Über Ursache und Wirkung
Die Bürger mahnen bei den Parteien eine ehrliche Politik ein, sie fordern von den Volksvertretern Klartext statt Wahlkampf-Geschwätz. Vielleicht deshalb hat sich die Volkspartei just jetzt vor den Wahlen des Themas „Pensionsalter für Frauen“ angenommen. Denn das ist wahr: Die Pension ist ein heißes Eisen, das bei kommenden Generationen für fürchterliche Wunden sorgen wird, wenn jetzt nicht endlich präventiv eingegriffen wird. Und dabei geht es noch gar nicht darum, die Geschlechterfrage zu klären, sondern schlicht und einfach um die langfristige Finanzierung der Alterssicherung.
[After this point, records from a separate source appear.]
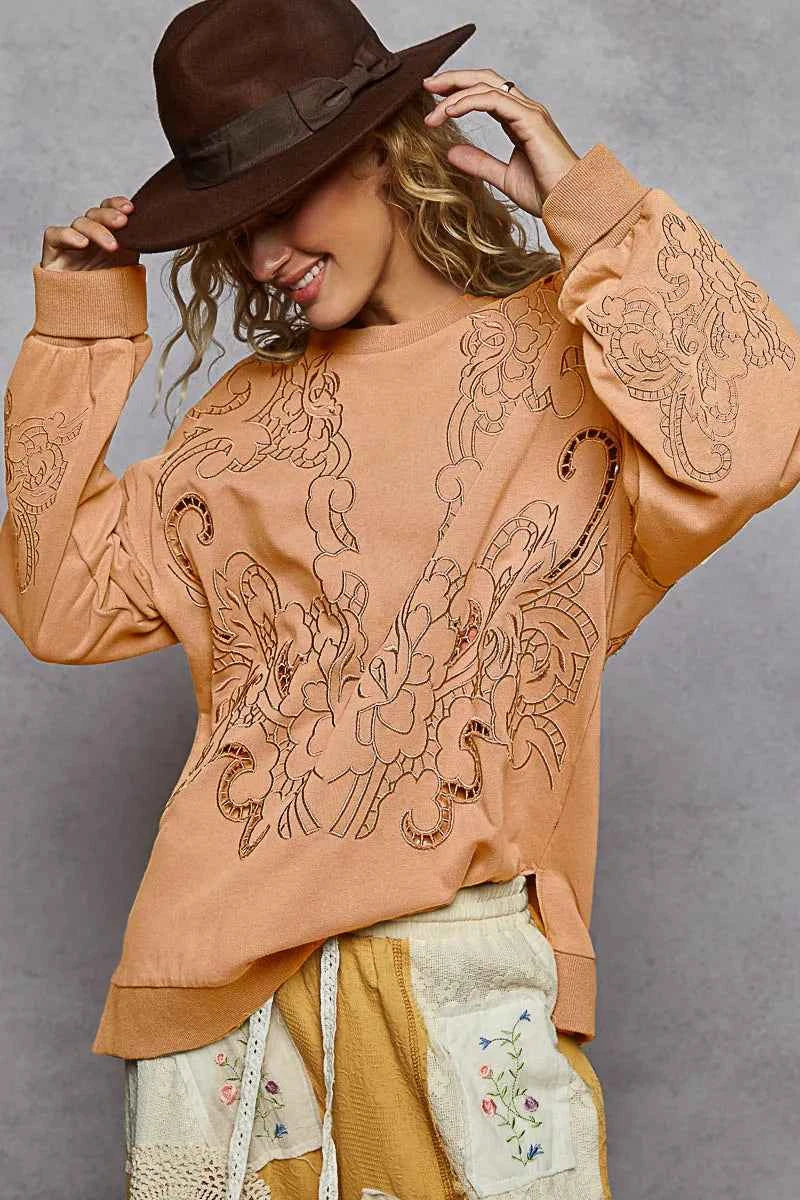 POL Round Neck French Terry Sweatshirt with Cutout Detail Sherbet 1e447da3-640d-493f-be63-f5565dafb009-Max-Origin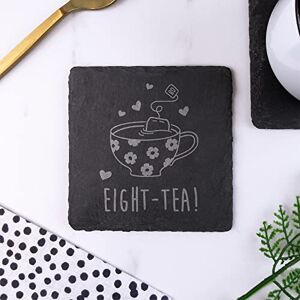 eBuyGB Engraved Square Slate Coaster -Eight-Tea Design - 80th Birthday Gifts for Women eBuyGB Engraved Square Slate Coaster -Eight-Tea Design - 80th Birthday Gifts for Women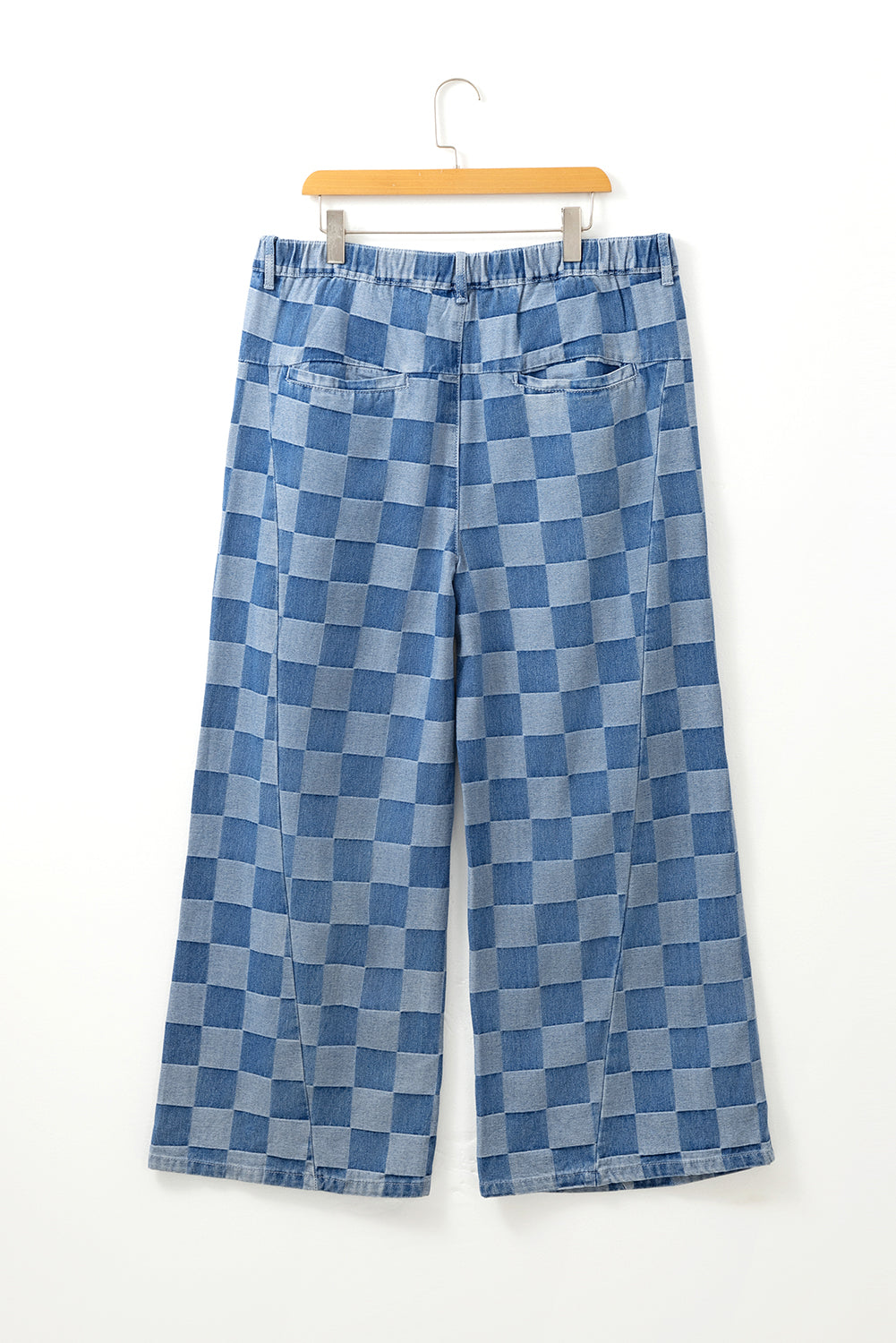 Dusk Blue Plus Size Checkered Seamed High Waist Wide Leg Jeans-True and Wild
Mit der Forderung nach der Erhöhung des Pensionsalters für Frauen hat die Volkspartei zwar die Themenführerschaft übernommen, aber keine Stimme gewonnen. Denn auch wenn die Frauen beim Pensionsalter schon 2014 endlich gleichberechtigt wären, fehlt ihnen doch das Wichtigste zur Umsetzung der ÖVP-Idee: Der entsprechende Arbeitsplatz. „Für Frauen über 50 gibt es keine Arbeitsplätze“, erzählt einer der höchsten Vertreter der Vorarlberger Wirtschaft, der selbst versucht hat, für eine Frau in diesem Alter einen Arbeitsplatz zu finden – vergebens. In keiner Branche, in keinem Unternehmen wurde er fündig.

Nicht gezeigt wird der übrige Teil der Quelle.